Known issue: Pgbouncer DNS error in v10.0.1.2-eus
Complete the
following steps to determine whether your deployment is experiencing DNS errors with pgbouncer, and
to replace the pgbouncer image if needed. This issue only affects API Connect v10.0.1.2-eus. If you
are running a different version of 10.0.1.x-eus, your deployment is not affected and you can proceed directly to the upgrade steps.

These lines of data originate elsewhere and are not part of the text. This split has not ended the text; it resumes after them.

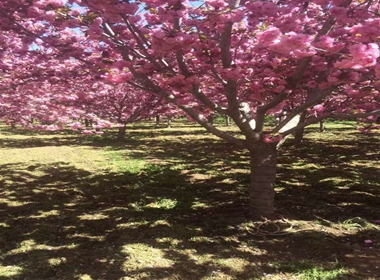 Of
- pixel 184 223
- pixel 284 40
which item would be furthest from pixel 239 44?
pixel 184 223

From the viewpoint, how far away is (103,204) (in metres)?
7.87


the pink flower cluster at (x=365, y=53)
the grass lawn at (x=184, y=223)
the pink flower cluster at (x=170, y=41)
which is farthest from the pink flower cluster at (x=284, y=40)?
the grass lawn at (x=184, y=223)

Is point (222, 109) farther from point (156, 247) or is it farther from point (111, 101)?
point (111, 101)

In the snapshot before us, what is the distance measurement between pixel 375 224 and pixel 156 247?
406 cm

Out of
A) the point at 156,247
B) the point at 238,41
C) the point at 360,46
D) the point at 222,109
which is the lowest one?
the point at 156,247

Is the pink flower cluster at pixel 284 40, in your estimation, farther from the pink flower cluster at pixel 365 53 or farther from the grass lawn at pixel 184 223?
the grass lawn at pixel 184 223

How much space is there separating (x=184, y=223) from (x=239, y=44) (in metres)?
3.50

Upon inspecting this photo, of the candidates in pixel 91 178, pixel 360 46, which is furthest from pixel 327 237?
pixel 91 178

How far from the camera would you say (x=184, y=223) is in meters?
6.51

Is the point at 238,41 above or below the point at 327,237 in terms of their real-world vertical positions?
above

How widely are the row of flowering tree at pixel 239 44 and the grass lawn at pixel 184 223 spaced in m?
1.10

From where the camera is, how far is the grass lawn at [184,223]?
4.70 meters

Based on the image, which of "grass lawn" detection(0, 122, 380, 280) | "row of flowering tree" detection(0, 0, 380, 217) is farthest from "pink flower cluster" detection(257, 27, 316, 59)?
"grass lawn" detection(0, 122, 380, 280)

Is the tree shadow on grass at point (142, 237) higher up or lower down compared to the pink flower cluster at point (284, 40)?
lower down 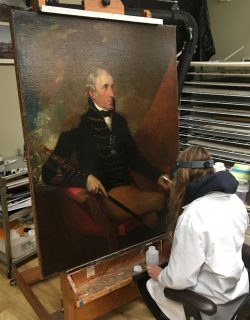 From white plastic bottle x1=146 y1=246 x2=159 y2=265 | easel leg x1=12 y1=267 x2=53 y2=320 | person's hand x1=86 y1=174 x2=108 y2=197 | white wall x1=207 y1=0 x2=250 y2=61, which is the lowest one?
easel leg x1=12 y1=267 x2=53 y2=320

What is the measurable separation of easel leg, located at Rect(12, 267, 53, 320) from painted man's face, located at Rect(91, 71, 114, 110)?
119 cm

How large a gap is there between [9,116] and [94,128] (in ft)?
3.98

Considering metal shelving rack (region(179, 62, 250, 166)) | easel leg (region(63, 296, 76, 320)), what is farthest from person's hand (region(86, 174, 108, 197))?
metal shelving rack (region(179, 62, 250, 166))

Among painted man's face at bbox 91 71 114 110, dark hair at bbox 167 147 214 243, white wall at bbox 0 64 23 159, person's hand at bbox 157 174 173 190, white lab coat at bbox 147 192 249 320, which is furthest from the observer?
white wall at bbox 0 64 23 159

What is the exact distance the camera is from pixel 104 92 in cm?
150

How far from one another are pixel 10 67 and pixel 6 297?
159 cm

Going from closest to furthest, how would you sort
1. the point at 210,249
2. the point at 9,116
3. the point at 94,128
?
the point at 210,249 → the point at 94,128 → the point at 9,116

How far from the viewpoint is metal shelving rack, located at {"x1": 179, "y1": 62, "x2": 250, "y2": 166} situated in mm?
→ 2053

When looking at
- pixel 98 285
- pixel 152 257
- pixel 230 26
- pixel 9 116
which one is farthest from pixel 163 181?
pixel 230 26

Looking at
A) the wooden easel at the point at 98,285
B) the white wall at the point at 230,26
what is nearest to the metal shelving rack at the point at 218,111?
the white wall at the point at 230,26

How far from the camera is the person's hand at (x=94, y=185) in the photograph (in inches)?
59.6

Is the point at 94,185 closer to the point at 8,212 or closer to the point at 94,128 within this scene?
the point at 94,128

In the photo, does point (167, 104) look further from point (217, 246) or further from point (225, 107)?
point (217, 246)

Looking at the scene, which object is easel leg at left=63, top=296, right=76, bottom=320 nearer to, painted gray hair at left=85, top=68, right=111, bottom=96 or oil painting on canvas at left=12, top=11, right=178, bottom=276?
oil painting on canvas at left=12, top=11, right=178, bottom=276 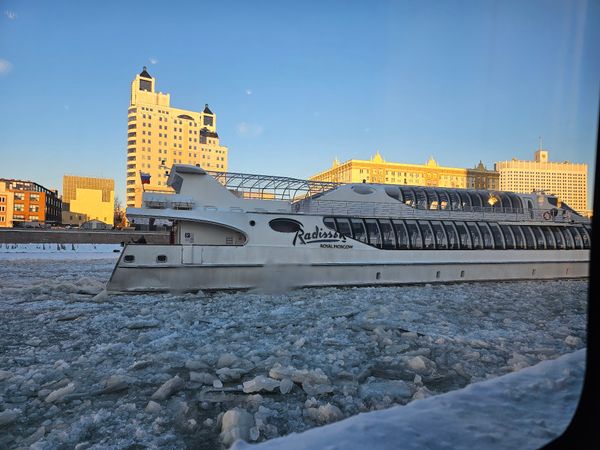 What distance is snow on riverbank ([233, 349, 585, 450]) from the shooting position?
2.87 metres

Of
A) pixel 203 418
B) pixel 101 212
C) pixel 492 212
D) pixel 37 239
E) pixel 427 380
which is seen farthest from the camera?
pixel 101 212

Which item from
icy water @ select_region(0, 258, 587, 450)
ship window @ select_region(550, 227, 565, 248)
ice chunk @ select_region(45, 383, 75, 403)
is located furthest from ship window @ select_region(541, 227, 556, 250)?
ice chunk @ select_region(45, 383, 75, 403)

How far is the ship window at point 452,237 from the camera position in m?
17.1

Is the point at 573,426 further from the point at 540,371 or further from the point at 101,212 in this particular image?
the point at 101,212

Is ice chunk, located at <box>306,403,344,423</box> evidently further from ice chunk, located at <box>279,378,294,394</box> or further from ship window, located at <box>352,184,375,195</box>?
ship window, located at <box>352,184,375,195</box>

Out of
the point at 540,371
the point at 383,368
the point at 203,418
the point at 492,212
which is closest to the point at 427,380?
the point at 383,368

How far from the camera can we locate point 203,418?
13.6ft

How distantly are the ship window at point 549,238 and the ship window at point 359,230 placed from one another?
36.0ft

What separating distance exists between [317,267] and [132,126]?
100318mm

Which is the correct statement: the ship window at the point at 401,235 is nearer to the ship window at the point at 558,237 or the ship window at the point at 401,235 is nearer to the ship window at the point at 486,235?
the ship window at the point at 486,235

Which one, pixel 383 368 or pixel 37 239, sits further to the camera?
pixel 37 239

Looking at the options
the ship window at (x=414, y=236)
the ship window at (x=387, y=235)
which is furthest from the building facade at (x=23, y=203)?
the ship window at (x=414, y=236)

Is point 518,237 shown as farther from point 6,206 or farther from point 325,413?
point 6,206

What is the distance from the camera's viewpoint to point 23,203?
82812mm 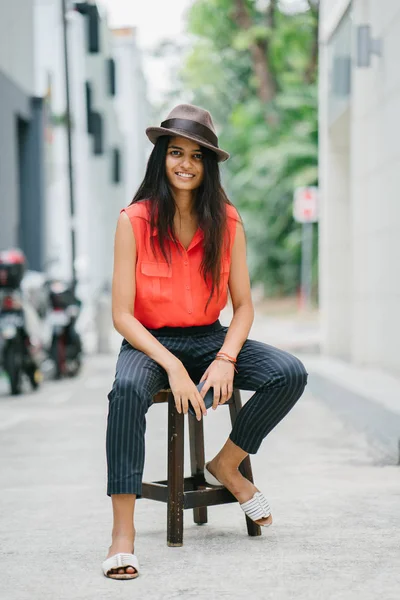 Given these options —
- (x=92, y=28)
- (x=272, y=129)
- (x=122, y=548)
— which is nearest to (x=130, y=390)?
(x=122, y=548)

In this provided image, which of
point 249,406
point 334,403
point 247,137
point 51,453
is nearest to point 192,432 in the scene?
point 249,406

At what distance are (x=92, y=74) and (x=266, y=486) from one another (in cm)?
2292

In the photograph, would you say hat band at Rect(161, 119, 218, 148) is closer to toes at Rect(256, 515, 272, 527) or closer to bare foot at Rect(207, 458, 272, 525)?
bare foot at Rect(207, 458, 272, 525)

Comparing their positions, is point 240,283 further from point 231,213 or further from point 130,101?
point 130,101

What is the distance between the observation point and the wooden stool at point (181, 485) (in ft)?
12.6

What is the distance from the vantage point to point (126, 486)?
3605mm

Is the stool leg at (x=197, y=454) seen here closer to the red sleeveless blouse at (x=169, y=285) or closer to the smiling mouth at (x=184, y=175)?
the red sleeveless blouse at (x=169, y=285)

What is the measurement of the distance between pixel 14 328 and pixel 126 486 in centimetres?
620

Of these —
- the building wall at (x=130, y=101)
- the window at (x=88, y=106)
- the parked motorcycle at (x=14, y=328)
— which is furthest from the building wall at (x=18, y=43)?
the building wall at (x=130, y=101)

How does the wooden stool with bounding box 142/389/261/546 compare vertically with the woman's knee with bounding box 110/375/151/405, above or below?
below

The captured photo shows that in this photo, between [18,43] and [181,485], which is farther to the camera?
[18,43]

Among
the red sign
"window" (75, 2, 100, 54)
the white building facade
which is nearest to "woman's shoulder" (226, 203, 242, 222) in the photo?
the white building facade

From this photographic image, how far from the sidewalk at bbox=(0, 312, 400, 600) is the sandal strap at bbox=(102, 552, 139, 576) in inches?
1.6

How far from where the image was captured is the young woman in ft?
12.9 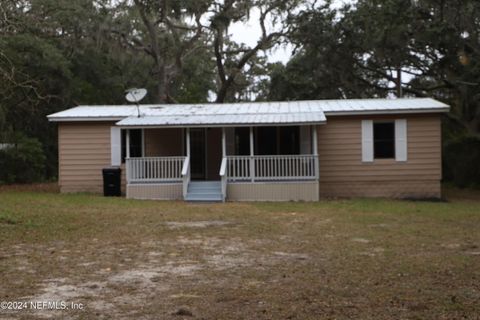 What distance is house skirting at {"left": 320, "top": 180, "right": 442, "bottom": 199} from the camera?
17.5 meters

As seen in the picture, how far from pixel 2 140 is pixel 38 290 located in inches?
692

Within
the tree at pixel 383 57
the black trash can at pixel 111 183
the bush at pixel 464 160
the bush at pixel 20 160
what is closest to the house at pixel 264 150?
the black trash can at pixel 111 183

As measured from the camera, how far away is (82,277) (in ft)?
20.9

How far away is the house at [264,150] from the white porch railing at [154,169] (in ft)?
0.10

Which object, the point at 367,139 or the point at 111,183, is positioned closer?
the point at 111,183

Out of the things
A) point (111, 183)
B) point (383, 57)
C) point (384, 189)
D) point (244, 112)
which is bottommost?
point (384, 189)

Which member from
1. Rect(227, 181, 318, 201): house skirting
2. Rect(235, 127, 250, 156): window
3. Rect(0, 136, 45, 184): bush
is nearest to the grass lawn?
Rect(227, 181, 318, 201): house skirting

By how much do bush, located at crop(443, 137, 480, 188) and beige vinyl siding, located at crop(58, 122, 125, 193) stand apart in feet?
43.4

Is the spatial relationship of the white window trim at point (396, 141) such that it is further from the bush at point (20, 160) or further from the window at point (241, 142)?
the bush at point (20, 160)

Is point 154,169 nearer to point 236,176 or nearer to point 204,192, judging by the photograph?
point 204,192

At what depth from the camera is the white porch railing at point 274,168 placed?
1653cm

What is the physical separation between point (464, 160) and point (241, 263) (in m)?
17.7

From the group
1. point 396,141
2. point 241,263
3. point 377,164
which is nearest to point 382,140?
point 396,141

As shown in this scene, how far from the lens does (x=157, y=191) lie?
1691cm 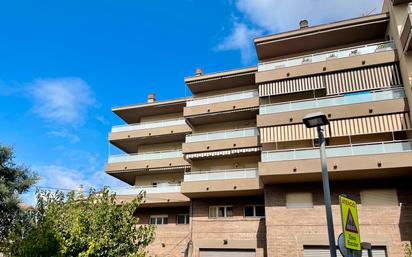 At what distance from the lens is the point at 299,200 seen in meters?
21.5

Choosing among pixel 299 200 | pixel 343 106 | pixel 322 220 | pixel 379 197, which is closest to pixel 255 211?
pixel 299 200

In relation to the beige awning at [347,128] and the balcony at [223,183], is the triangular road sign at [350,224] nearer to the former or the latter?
the beige awning at [347,128]

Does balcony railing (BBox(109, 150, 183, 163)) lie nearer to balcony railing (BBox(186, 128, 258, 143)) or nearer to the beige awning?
balcony railing (BBox(186, 128, 258, 143))

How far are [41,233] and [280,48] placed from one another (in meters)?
19.4

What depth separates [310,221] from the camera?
20.7 meters

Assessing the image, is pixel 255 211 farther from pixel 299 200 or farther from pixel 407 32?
pixel 407 32

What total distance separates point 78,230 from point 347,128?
1547 cm

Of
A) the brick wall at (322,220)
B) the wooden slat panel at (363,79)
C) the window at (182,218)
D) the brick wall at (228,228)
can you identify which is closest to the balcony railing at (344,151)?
the brick wall at (322,220)

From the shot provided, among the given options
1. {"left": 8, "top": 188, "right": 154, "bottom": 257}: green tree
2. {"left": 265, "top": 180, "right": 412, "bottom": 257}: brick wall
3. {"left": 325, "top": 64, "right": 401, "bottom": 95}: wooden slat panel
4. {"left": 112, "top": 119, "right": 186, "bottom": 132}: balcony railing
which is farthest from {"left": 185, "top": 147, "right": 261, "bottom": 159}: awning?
{"left": 8, "top": 188, "right": 154, "bottom": 257}: green tree

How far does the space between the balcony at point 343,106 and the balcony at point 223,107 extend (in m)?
3.18

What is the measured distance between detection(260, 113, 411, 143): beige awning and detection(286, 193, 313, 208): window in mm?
3380

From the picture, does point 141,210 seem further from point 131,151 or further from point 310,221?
point 310,221

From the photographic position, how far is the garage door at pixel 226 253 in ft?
76.0

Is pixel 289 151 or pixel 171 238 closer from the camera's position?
pixel 289 151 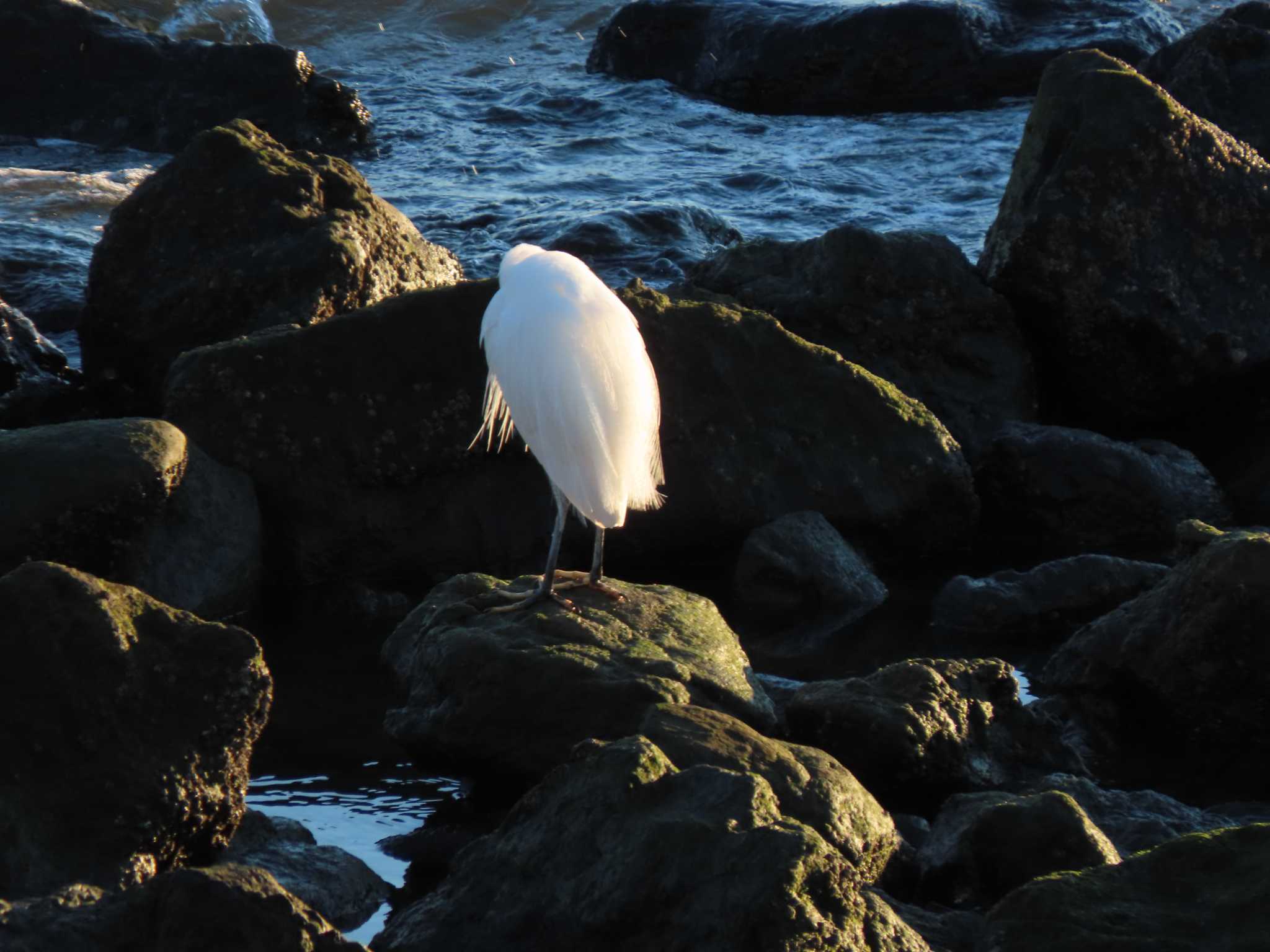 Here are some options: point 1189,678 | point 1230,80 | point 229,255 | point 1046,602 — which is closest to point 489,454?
point 229,255

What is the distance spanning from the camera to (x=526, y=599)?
210 inches

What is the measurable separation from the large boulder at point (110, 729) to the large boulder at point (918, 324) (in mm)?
4635

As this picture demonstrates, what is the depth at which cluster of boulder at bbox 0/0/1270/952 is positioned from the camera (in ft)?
12.0

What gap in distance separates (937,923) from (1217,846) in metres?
0.71

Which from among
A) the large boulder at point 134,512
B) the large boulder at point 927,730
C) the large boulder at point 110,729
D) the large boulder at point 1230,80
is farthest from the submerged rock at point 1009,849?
the large boulder at point 1230,80

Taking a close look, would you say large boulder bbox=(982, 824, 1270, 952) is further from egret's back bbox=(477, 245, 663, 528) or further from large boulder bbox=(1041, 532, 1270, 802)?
egret's back bbox=(477, 245, 663, 528)

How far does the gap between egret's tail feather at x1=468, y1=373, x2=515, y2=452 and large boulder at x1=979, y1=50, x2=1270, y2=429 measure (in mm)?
3113

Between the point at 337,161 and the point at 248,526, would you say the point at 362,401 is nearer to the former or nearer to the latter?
the point at 248,526

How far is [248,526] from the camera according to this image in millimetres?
6426

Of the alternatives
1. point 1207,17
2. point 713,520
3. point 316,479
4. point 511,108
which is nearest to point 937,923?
point 713,520

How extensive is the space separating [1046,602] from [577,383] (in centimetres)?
241

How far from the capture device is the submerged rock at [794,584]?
262 inches

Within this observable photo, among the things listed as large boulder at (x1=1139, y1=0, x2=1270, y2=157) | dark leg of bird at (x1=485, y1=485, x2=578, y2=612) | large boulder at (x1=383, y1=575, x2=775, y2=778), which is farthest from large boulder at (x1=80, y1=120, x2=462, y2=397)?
large boulder at (x1=1139, y1=0, x2=1270, y2=157)

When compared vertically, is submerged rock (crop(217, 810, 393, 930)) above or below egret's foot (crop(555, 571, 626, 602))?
below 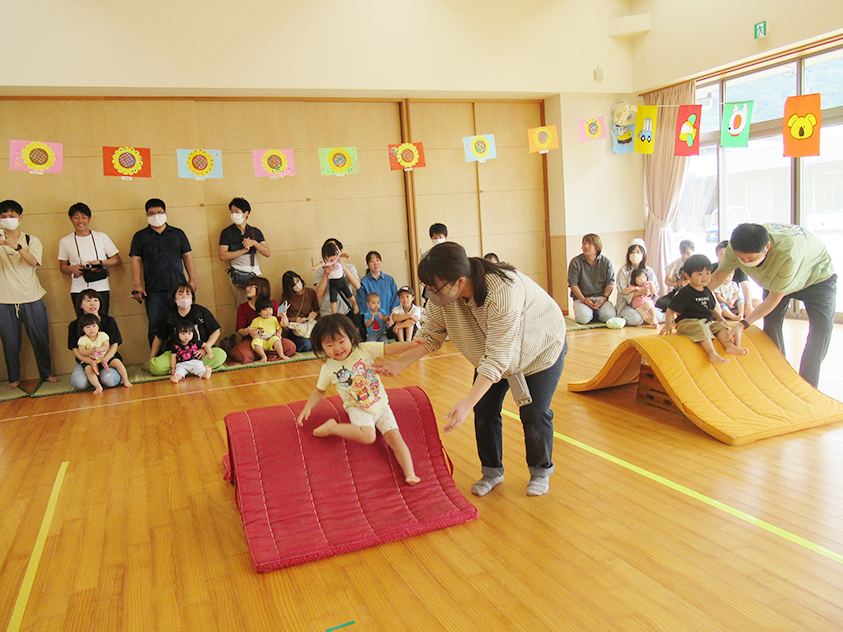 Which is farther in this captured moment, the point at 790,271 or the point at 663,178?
the point at 663,178

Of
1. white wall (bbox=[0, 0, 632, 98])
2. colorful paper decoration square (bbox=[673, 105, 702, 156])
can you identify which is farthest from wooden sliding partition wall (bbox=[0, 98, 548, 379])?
colorful paper decoration square (bbox=[673, 105, 702, 156])

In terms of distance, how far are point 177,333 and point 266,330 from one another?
0.96 meters

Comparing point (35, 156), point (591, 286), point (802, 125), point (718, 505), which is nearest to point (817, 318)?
point (718, 505)

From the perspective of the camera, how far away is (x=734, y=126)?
661cm

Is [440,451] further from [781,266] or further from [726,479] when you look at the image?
[781,266]

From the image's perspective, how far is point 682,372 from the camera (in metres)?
3.86

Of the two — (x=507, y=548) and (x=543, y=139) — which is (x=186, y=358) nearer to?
(x=507, y=548)

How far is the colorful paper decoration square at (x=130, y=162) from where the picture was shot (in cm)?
616

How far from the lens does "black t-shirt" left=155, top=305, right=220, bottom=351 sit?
6.12 m

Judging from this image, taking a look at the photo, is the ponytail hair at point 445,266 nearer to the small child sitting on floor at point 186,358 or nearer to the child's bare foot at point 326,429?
the child's bare foot at point 326,429

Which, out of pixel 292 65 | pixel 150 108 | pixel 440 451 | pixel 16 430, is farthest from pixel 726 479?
pixel 150 108

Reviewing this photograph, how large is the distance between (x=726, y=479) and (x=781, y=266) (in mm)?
1404

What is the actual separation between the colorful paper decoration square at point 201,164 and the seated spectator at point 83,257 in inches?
40.5

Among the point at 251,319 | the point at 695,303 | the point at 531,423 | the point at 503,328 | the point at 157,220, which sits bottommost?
the point at 531,423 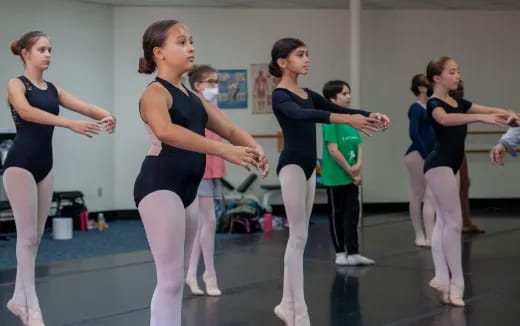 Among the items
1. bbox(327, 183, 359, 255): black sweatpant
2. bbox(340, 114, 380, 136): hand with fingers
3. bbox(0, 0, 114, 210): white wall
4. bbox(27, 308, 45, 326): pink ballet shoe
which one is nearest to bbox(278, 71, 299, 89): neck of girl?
bbox(340, 114, 380, 136): hand with fingers

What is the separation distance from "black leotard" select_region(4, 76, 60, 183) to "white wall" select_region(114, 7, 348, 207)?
18.3 ft

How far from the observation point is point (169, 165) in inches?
103

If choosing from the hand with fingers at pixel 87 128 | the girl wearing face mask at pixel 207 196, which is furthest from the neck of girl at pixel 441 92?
the hand with fingers at pixel 87 128

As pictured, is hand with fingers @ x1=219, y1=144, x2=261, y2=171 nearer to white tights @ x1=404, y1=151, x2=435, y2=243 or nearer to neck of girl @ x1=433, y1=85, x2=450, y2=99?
neck of girl @ x1=433, y1=85, x2=450, y2=99

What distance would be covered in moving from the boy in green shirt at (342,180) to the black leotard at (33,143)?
8.38 feet

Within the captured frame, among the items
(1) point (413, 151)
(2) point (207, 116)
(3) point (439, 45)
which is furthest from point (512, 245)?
(2) point (207, 116)

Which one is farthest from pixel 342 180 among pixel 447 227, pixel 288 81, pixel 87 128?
pixel 87 128

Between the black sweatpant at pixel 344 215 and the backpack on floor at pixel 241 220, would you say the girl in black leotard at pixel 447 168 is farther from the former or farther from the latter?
the backpack on floor at pixel 241 220

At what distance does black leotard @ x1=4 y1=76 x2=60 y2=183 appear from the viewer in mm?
3730

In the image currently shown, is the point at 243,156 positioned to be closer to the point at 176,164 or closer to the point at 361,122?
the point at 176,164

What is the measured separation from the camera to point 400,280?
5.11m

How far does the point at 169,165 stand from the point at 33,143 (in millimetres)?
1454

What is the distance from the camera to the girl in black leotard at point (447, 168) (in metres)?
4.23

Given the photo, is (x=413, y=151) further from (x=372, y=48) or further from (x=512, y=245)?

Determine whether your v10.0.1.2-eus deployment is experiencing the problem:
- Get the pgbouncer pod
name:
oc get pods -n <APIC_namespace> | grep 'pgbouncer'
where
<APIC_namespace>
is the namespace where you installed API
Connect.
- Check the pgbouncer log for the
server DNS lookup failed
error
message:oc logs <pgbouncer-pod-name> -n <APIC_namespace> | grep 'server DNS lookup failed'
If the
server DNS lookup failed
message appears in the log, then your
deployment is impacted and you must replace the pgbouncer image. If other errors appear, this
procedure will not correct them and you should contact IBM Support for assistance. If no errors
appear, you can proceed directly to the
upgrade steps.
Replace the pgbouncer image:
- Get the new pgbouncer image format from the registry where
version 10.0.1.7-eus images were pushed; for example:
<registry-name>/ibm-apiconnect-management-crunchy-pgbouncer@sha256:4a5caaf4e5cd4056ccb3de7d39b8e343b0c4ebce7cae694ccbfbe80924d98752
For
CP4I, the default registry-name
is
icr.
- Get the pgbouncer deployment
name:
oc get deploy -n <APIC_namespace> | grep 'pgbouncer'
- Edit the pgbouncer deployment:
oc edit deploy <pgbouncer-deploy-name> -n <APIC_namespace>
- In the deployment, replace the container image section with the new image that you
downloaded.
- Wait for the pgbouncer pod to restart.
- Exec into the pgbouncer
pod:
oc exec -it <pgbouncer-pod> -n <APIC_namespace> -- bash
- Execute
pgbouncer --version
and make sure the response matches the following
information:bash-4.4$ pgbouncer --version
PgBouncer 1.15.0
libevent 2.1.8-stable
adns: evdns2
tls: OpenSSL 1.1.1g FIPS 21 Apr 2020
systemd: yes
- Verify that the
server DNS lookup failed
no longer appears in the pgbouncer
log:oc logs <pgbouncer-pod-name> -n <APIC_namespace> | grep 'server DNS lookup failed'
- Delete back-end microservices to force a restart:
- Get the
apim
microservices pod name: oc get pods -n
<APIC_namespace> | grep 'apim'
- Delete the
apim
pod: oc delete pod <apim-pod> -n
<APIC_namespace>
- Get the
lur
microservices pod name: oc get pods -n
<APIC_namespace> | grep 'lur'
- Delete the
lur
pod: oc delete pod <lur-pod> -n
<APIC_namespace>
- Get the
task manager
microservice pod name: oc get pods -n
<APIC_namespace> | grep 'task'
- Delete the
task manager
pod: oc delete pod
<task-manager-pod> -n <APIC_namespace>
- Make sure the deployment is up and running before proceeding to upgrade to
10.0.1.7-eus.
About this task
If you already deployed the API Management capability for 2020.4.1
using API Connect 10.0.1.1-eus or later, you can upgrade to 10.0.1.7-eus by completing the following
steps.
Procedure
- Back up all certificates and issuers to a file by running the following command:
oc get --all-namespaces -oyaml issuer,clusterissuer,certificate,secret > backup.yaml
- Run the pre-upgrade health check:
- Verify that the
apicops
utility is installed by running the following
command to check the current version of the utility:
- Run the following command to set the KUBECONFIG environment.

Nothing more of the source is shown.